Too many people go into bankruptcy for debts of less than $10,000, where a debt agreement would probably would much better.

Statistics show that debt agreements are most commonly taken out by people aged 25 to 45, with about two –thirds being taken out by men.

Let’s take the fictional William Bragg. William, who’s known to most, including his creditors, as Billy, has debts of $60,000. But the value of all his possessions, including his car, is $30,000.

Billy works as a musician and has earned approximately $40,000 a year after tax in recent years.

For some time, Billy has been going backwards after rent and general living expenses. He wasn’t ever able to repay any principal. Recently, he started hearing from creditors and he’s been juggling ever since.

On his debts, income and solvency, Billy would qualify for a debt agreement.

While he could organise the agreement himself, he is probably better off getting professionals debt agreement makers involved. Those companies will charge a fee, but will probably negotiate a far better deal with your creditors than you could on your own.

Billy organises a deal to pay creditors $30,000 of the $60,000, over four years, at $625 a month, with no interest, through one monthly payment.

What’s in it for your creditors? If you declared bankruptcy, they might get nothing, or only $5000 back. With a debt agreement, they are far more likely to get $30,000 back. They don’t have to accept the offer, however.

Roger Mendelson, chief executive of debt specialist Prushka, says the debt agreement industry has come a long way following regulation.
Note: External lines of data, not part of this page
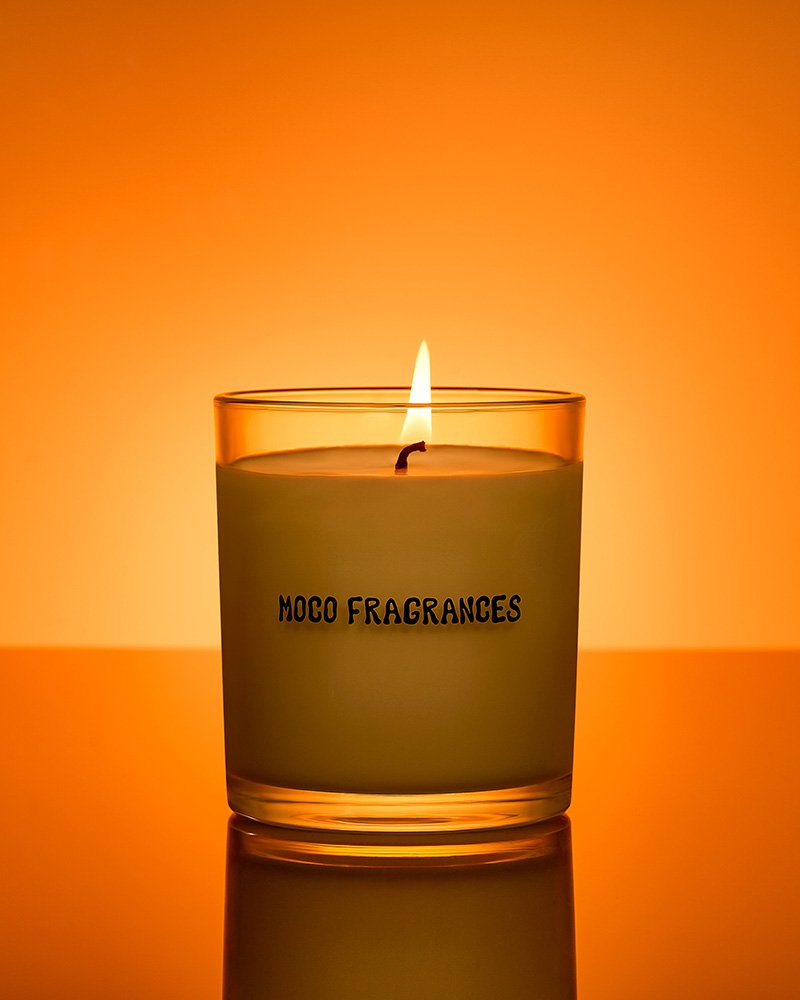 A lit candle in a glass container with the text 'MOCO FRAGRANCES' on it, against an orange background.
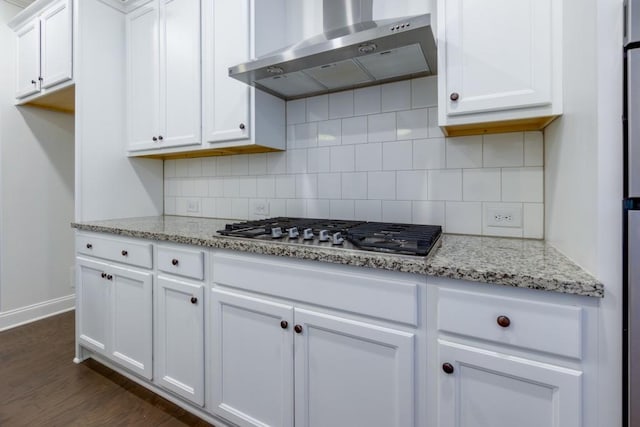 kitchen with wall chimney range hood, white cabinetry, light stone countertops, stainless steel gas cooktop, and decorative backsplash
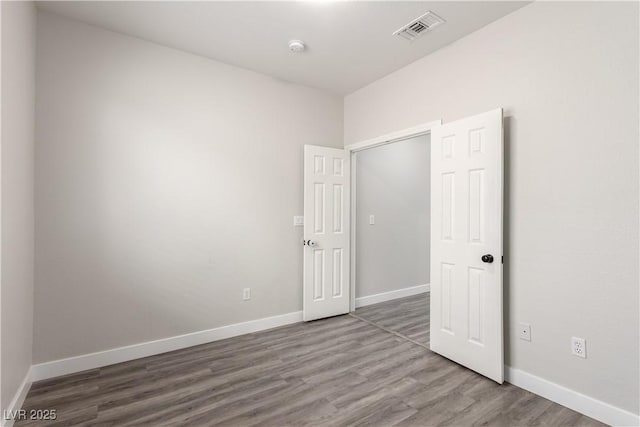 9604 Windom Point Ave, Las Vegas, NV 89129 - unfurnished bedroom with wood finished floors and baseboards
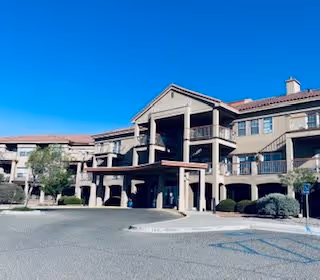 Exterior view of a multi-story senior living facility building with a covered entrance, balconies, and surrounding landscaping under a clear blue sky.
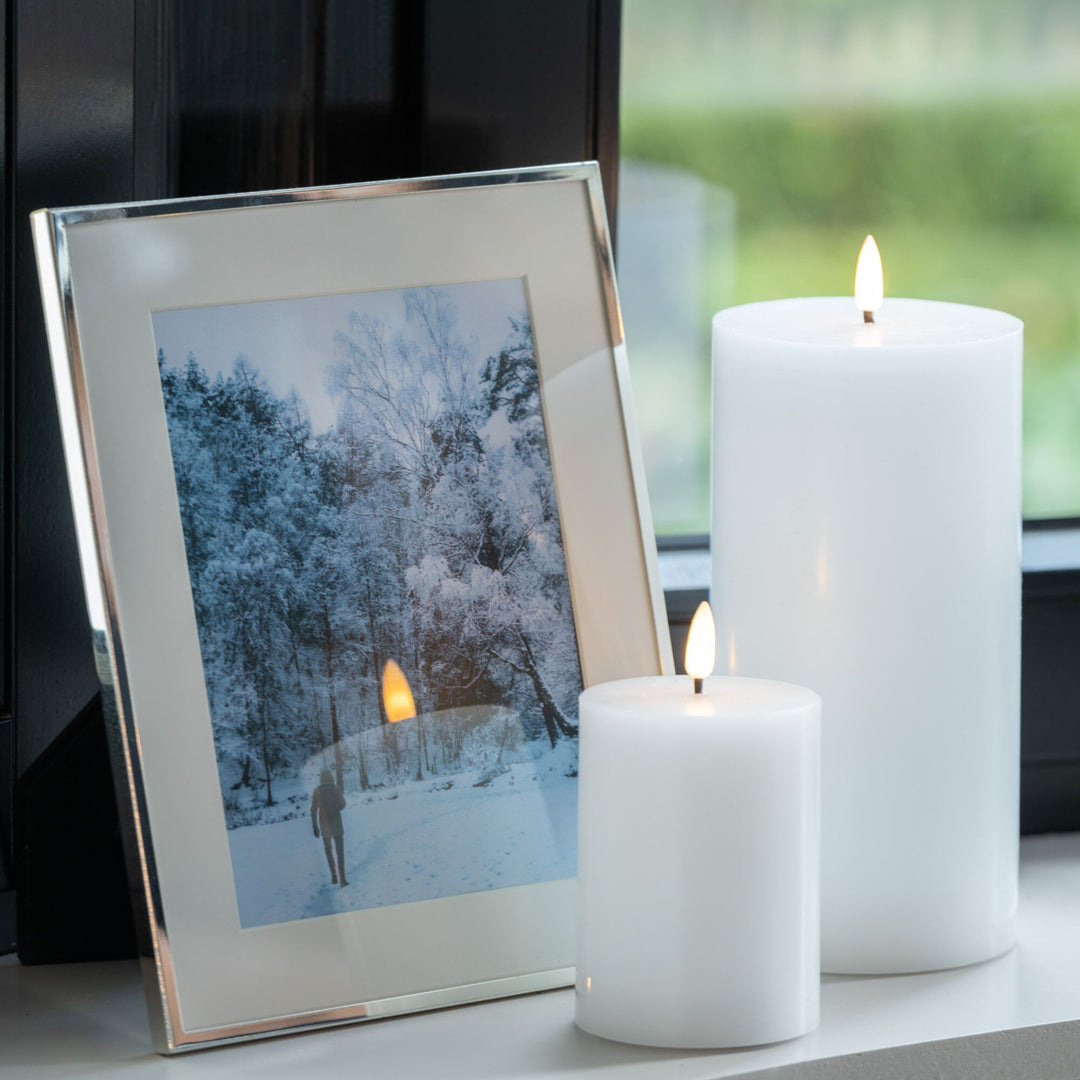Two Led white candles and a framed photo of a snowy landscape on a surface.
“There were a lot of cowboys in the industry for many years, but most of them have gone. They charged high fees – some fees were horrendous,’’ Mendelson said.

But that was largely because those making agreements could charge upfront fees. That meant they didn’t care whether the agreement worked or not.

“Now they have to share in the instalments with the creditors, which aligns their interests with making sure the deals are adhered to.”